Real Estate Investment Trusts, or REITs, have become more appealing to global investors seeking to diversify their portfolios. REITs are structured in a way that allows for a broader range of investors to participate in real estate investments. Moreover, as the market and success of REITs grows globally, more nations are seeking to pass REIT legislation and expand investment. 

Several EU Member States already have a flourishing REIT industry with more nations set to create REIT regimes over the next couple of years. In particular, Malta, with its booming property market, offers clear benefits for smaller-scale investors looking to capitalise in large-scale real estate projects. As part of the 2019 budget, the Maltese Government pledged to create a legal framework to permit REITs in the country, and work is fast proceeding towards its implementation. 

This article provides a brief discussion of the relatively recent expansion of REITs globally, and particularly in the European Union (EU).

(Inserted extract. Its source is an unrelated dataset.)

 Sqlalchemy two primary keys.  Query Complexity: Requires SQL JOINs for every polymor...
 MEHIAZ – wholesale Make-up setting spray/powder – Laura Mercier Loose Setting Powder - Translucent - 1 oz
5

The article then compares REIT legislative frameworks in EU countries, with a focus on capital, legal and other requirements in the different jurisdictions.  

REIT Global Expansion

Established in the United States (US) in the 1960s, a REIT is a special purpose entity that allows investors to add real estate exposure to their investment portfolio. The REIT owns, operates or finances certain real estate that generates income for investors by acquiring immoveable property then leasing space and collecting rent from its tenants. This bulk of this income is then distributed as dividends to shareholders. The success of REITs in the USA has encouraged a number of countries in Europe to follow a similar path. In addition to the 14 EU Member States that have REIT systems, countries such as Portugal, Sweden, Luxembourg and Malta are all considering passing REIT legislation in the coming year. While broadly similar in concept, all the existing regimes have their unique requirements, benefits and restrictions. 

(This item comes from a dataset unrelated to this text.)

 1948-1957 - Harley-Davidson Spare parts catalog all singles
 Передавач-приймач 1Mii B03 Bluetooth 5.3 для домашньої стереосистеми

REIT Capital Requirements 

Most EU REITs follow the general framework of the original system established by the US decades ago, and the general principle for US REITs is that there is no minimum capital requirement. However, 90% of the taxable income must be distributed to shareholders, and US REITs are subject to general debt/equity considerations that usually apply to other corporations. Some EU REITs have adopted the US strategy, while others have not. 

For example, initial capital investment requirements among EU nations range from zero to €40 million. Countries such as the United Kingdom (UK) and Ireland have no capital requirements, however, there are specific financing restrictions. In these two countries, a REIT must have a profit financing ratio where the profits are at least 1.25 times the cost of financing. This also has a bearing on potential taxes, as in Ireland where, if the financing ratio is not maintained, the REIT is subject to a corporation tax of 25% to achieve a 1.25:1 ratio. 

Conversely, REITs established in countries such as Spain and Finland require a minimum capital of €5 million, while in Belgium and France this rises to some €15 million. On the far end of the spectrum, the minimum market capitalization for listing REITs on main segments of the Italian market is of €40 million.

Other EU REIT Requirements 

In general, REITs set up in diverse EU countries have similar requirements when it comes to their legal form. Most nations require that REITs be formed as public joint stock companies or limited liability companies, and are largely permitted only within their respective country. Belgium, Bulgaria, Finland, France and Hungary all require that REITs be formed as public entities. Italy, Spain and Ireland, for example, also require that the REIT be domestically owned with restrictions on foreign ownership. 

Requirements in the Netherlands are a little more flexible in that they allow for non-Dutch entities to be offered as REITs as long as the entity is established under the laws of an EU Member State. Additionally, the UK and Ireland allow for REITs to form either under a group of companies with a parent company, or a single company listed REIT. Nonetheless, Irish and UK REITs must be established within their respective countries. 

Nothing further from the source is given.